In contrast B is an online agent with little experience in your local area. They attract some viewings through their online advert, but most of the feedback suggests the agent has overpriced your property. You have to lower the asking price, but eventually you get an offer of £215,000 from a buyer, the agent negotiates the offer up to £220,000. Taking off their 1.5% fee, you walk away with: £216,700.
Clearly, paying a little extra for a more experienced agent is better value for money.
But, how can you know how good an agent is before they actually sell your home? There are a range of free estate agent comparison tools available online. This one compares agents by area and is based completely on data from online property portals and the Land Registry.
- Do up your garden not your kitchen
If you’re going to do any home improvements before you put your home on the market, you’re probably keen to make sure they’re worth the time, effort, and most importantly cost. There’s no point spending hundreds (or thousands) of pounds on renovations, if you’re not going to make that money back. So, it’s important to be savvy with what improvements you choose to make.
For example, gardens can reportedly add up to 20% on the value of your property, and they’re likely to be one of the first things a buyer will see when they come and visit your home. This means it’s probably a good investment to make sure it looks it’s best.
Luckily many people find simple, low maintenance outdoor space more appealing, than complex, overly landscaped gardens. It’s both easier to imagine how you’d use a space if it’s a ‘blank canvas’, and is less off-putting to those buyers that don’t have a particularly green thumb.

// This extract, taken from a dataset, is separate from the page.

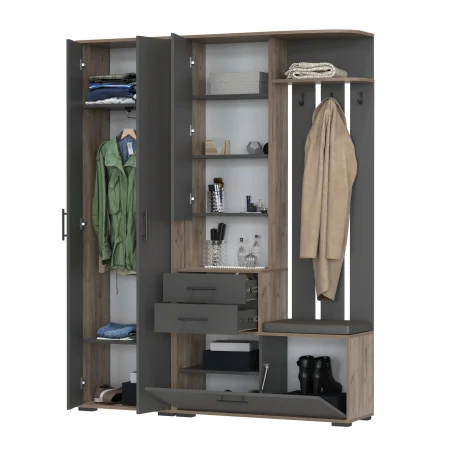 Модульная прихожая Домино дуб крафт табачный/графит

Similarly, kitchens are also a key selling point, and are traditionally seen as the thing you should focus on if you want to maximise the price you get for your home. However, they are also one of the most expensive things to fully update – and you’re not guaranteed to get a return on your investment.
If your kitchen needs a bit of a refresh, focus on the cheaper (but slightly more time intensive) upgrades. For example, repainting cabinets, and replacing handles, thoroughly cleaning, and fixing anything like leaking taps, or cracked tiles. This will make your kitchen look in better shape, but is much cheaper than a full renovation.
- Shop around
When you’re selling a property, it’s common for your estate agent or solicitor to recommend partner services to you. In many cases, they will get a referral fee from the provider if you choose to work with them, and this can be added to the amount you end up paying. If you want to ensure you’re getting the best value for money, take the time to shop around for the best deals.
For example, Purplebricks and Yopa both offer to arrange EPCs for homesellers for around £85. But, with a bit of shopping around you can get an EPC for between £35 and £50.
Similarly, if you’re selling a property in Scotland, you shouldn’t expect to pay more than £400-700 for a Home Report, unless your home is particularly unusual or large. When you’re looking around, avoid options that include a mortgage valuation. Often these cost more, and most lenders will want to use their own surveyor anyway, so it adds very little benefit to you.